Once you optimize the performance at low volumes you can then increase
scale & volumes to validate that your application continues to
perform to your requirements.
To successfully scale your deployment you need to understand the
business process and the design so that you understand where your
implementation is concurrent & scalable and where it is not or
under what conditions it is scalable. For example, unless you are
using fragmentation, mapping (inbound or outbound) a large file with
many transactions is a serial process.
You also need to consider which message flows do which work, which
can be sensibly scaled and which can't. To take the sample application
as an example the Heartbeat flow should not be scaled since it only
raises 1 event per elapsed time interval, additional threads will
not provide benefit. The LogErrorFlow is used to log errors, since
these should not normally occur and when they do fast processing may
not be essential, scaling this flow does not make much sense.
The work breakdown information collected from FTM level 1 trace
for a single instance deployment should be used as input for any scaling
activity. From this information you should be able to get an approximate
picture of how much of the time is spent in which message flows which
directly infers how much cpu resource should be required for each
flow. In the context of the sample application, approximately 30%
of the elapsed time is spent in the physical transmission wrappers
and approximately 70% in the event processing flow implying the event
processing flow needs more than twice the CPU time. It is important
to note that in the sample application the physical transmission flow
has 3 message processing input queues used during normal message processing
which implies 3 threads of execution. When we therefore consider a
suitable scaling factor between event processing and physical transmissions
we should allocate at least 6 threads for event processing. In a typical
FTM deployment it is usual to have more thread instances deployed
for event processing than transmission processing. A potentially suitable
deployment model is shown below where we have separated the deployment
into multiple execution groups and added additional thread instances
to the event processing flow:
Figure 1. Multiple instance deployment
example
Performance of this deployment configuration should then be
evaluated using the same approach as used for the single instance
case. If the application is scaling well then you would expect to
see the above deployment runs 6 times faster (TPS) than the single
instance usecase. If the performance of the application has not scaled
as expected then you need to first check that you are not maxing out
any system resources such as CPU, disk IO, memory, database locks
etc and then review the FTM level 1 trace and database analysis (db2top).

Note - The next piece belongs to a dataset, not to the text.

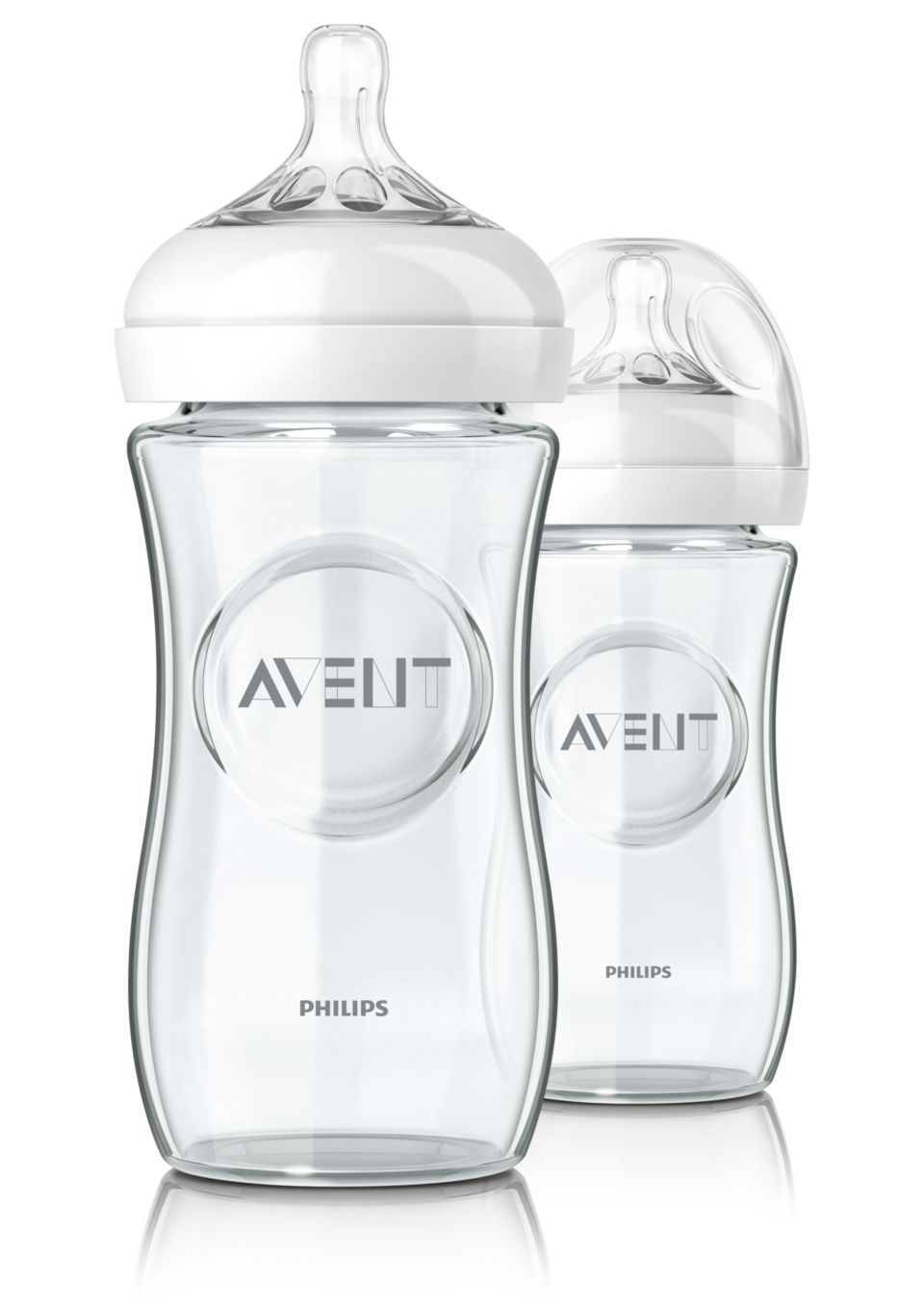 Overvloed Billy Normaal Buy the AVENT Baby Bottle SCF673/27 Baby Bottle | Philips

The objective here is to compare the work breakdown costs in the scaled
version against the costs in the single instance to look for work
items whose performance is degrading as the application scales. If
problem areas are identified the artifacts in question need to be
analyzed to understand the problem so that they may be resolved. It
is also worth monitoring queue depths used by the application to see
if any queues stand out as bottlenecks in the process.